== Data extracts

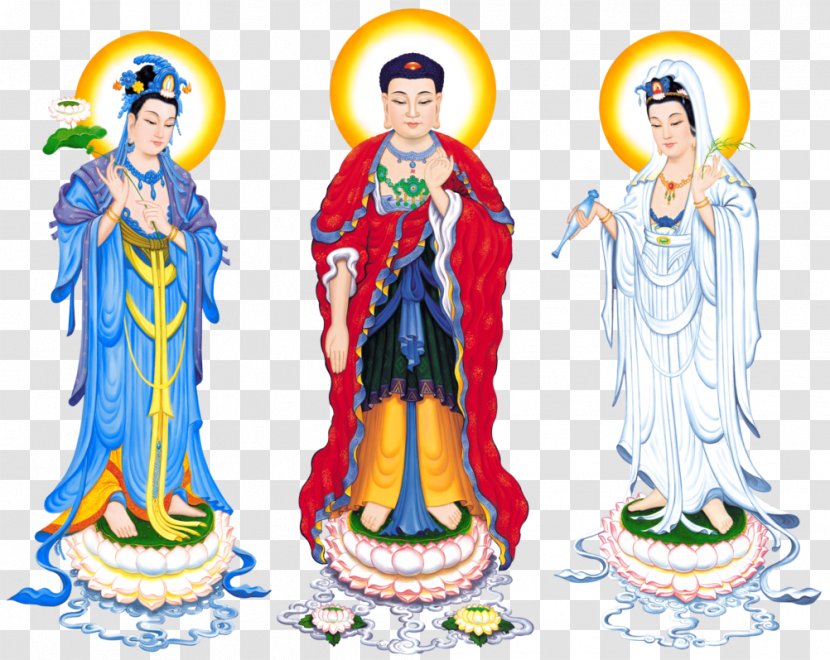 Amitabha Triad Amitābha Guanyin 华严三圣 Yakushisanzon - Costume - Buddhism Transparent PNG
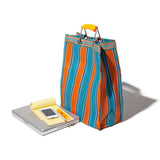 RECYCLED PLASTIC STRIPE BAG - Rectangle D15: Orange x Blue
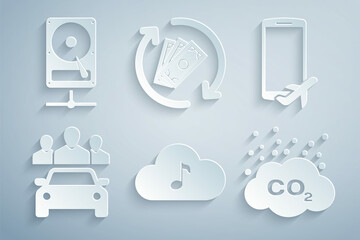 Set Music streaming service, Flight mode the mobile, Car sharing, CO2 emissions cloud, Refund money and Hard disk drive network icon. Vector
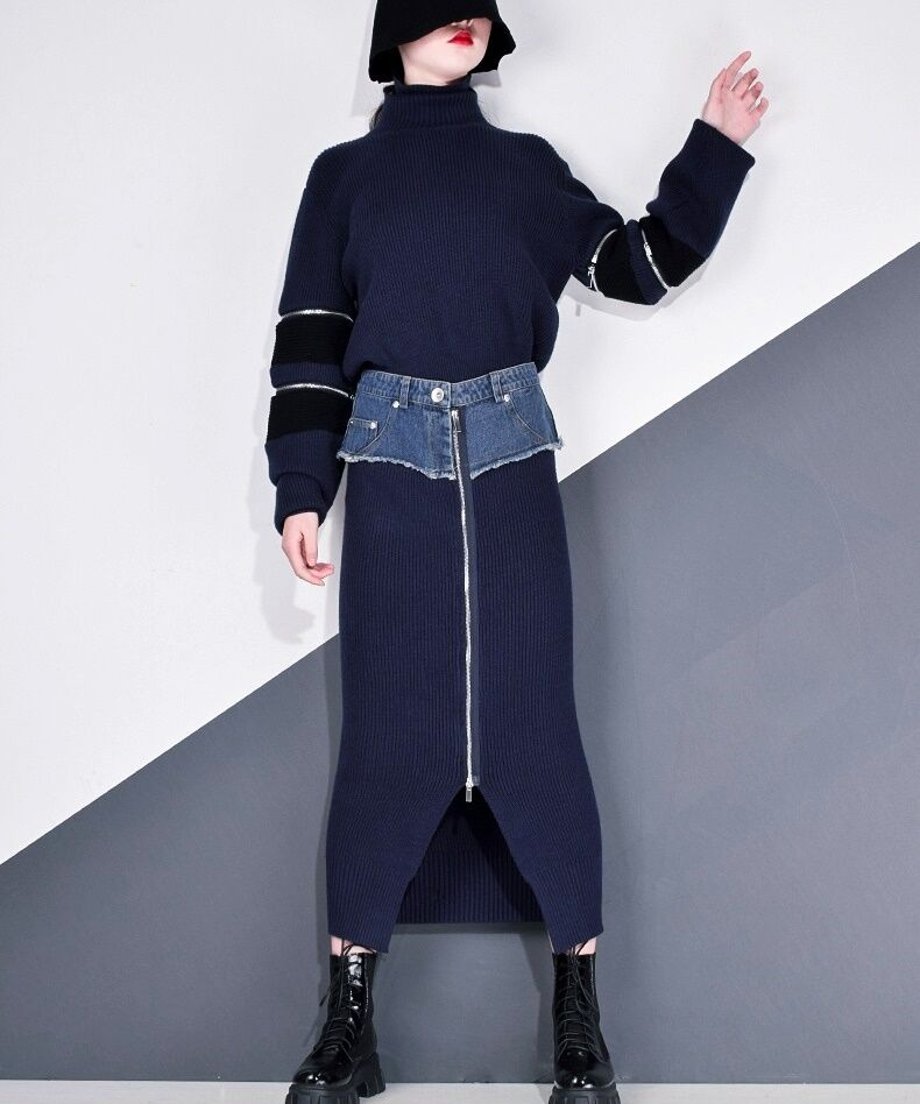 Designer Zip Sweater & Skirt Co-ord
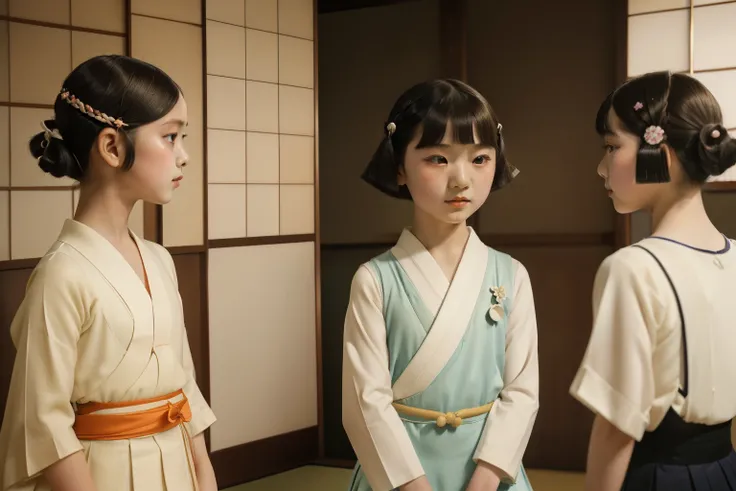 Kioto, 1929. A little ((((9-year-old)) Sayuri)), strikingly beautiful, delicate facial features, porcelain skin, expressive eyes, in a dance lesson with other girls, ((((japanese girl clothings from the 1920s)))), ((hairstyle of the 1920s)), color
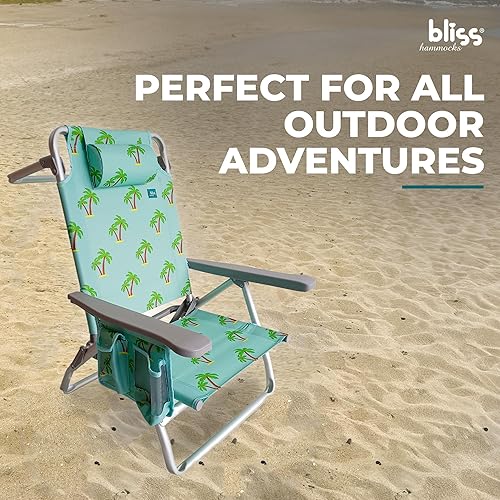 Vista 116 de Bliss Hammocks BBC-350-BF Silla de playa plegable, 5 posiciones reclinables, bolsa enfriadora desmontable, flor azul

====
== Data extracts

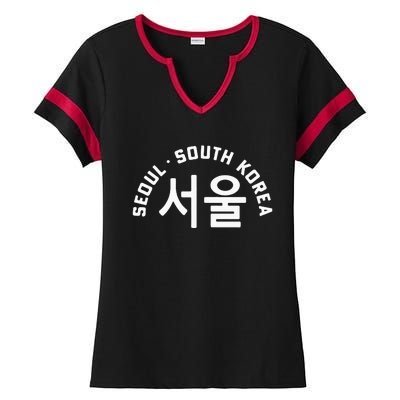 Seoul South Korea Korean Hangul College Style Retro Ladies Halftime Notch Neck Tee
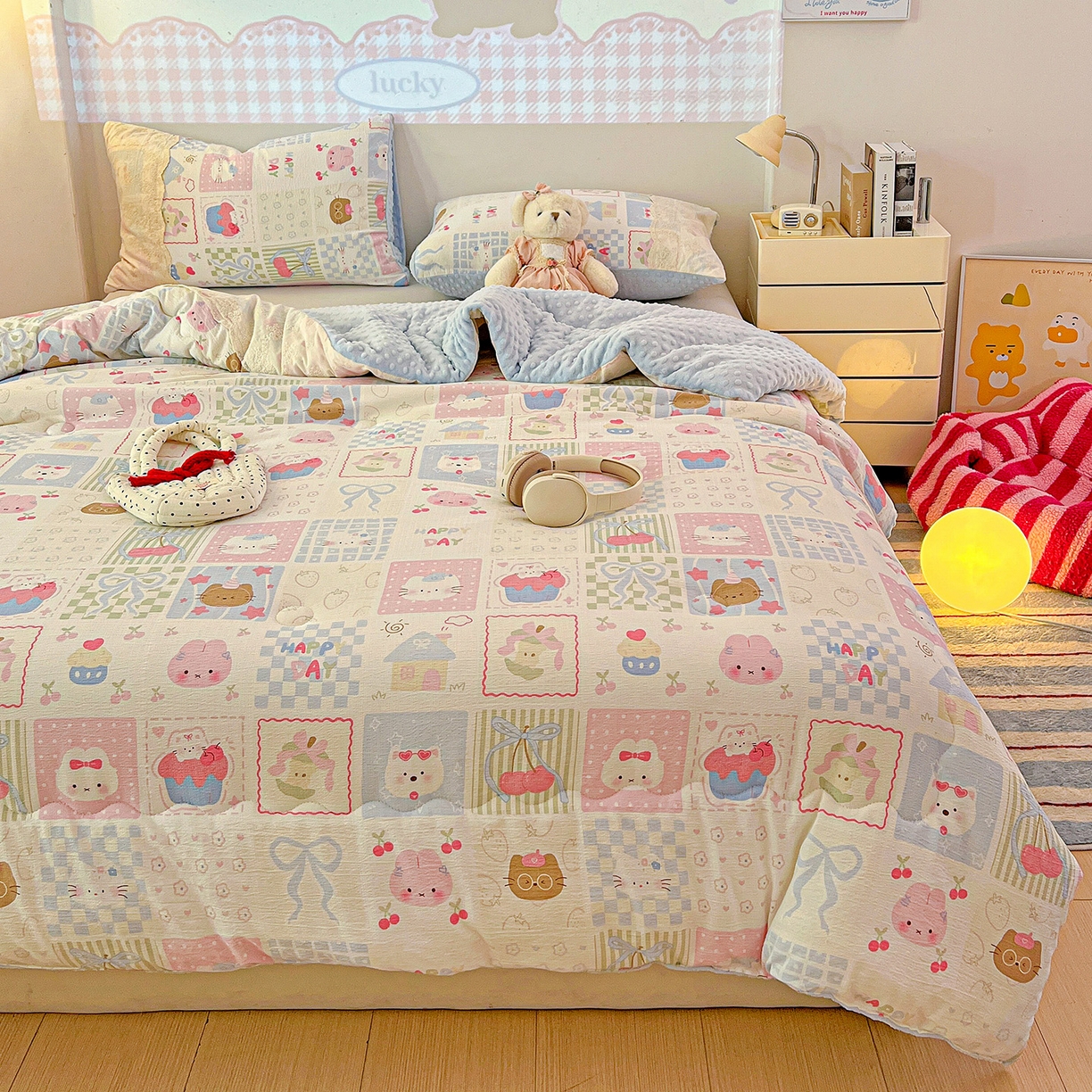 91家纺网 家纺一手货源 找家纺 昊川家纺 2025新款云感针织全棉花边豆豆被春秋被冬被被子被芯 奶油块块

====
== Data extracts

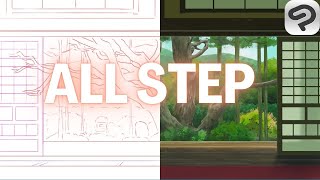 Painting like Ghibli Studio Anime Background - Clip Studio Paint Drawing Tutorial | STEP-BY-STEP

====

## The task:
Among the entries above, take the lines from the one with "Amitabha Triad Amitābha" through the one with "Designer Zip Sweater & Skirt Co-ord" and retype them exactly, leaving out the pictures.

## Response:
 Amitabha Triad Amitābha Guanyin 华严三圣 Yakushisanzon - Costume - Buddhism Transparent PNG
 RECYCLED PLASTIC STRIPE BAG - Rectangle D15: Orange x Blue
 Set Music streaming service, Flight mode the mobile, Car sharing, CO2 emissions cloud, Refund money and Hard disk drive network icon. Vector
 Designer Zip Sweater & Skirt Co-ord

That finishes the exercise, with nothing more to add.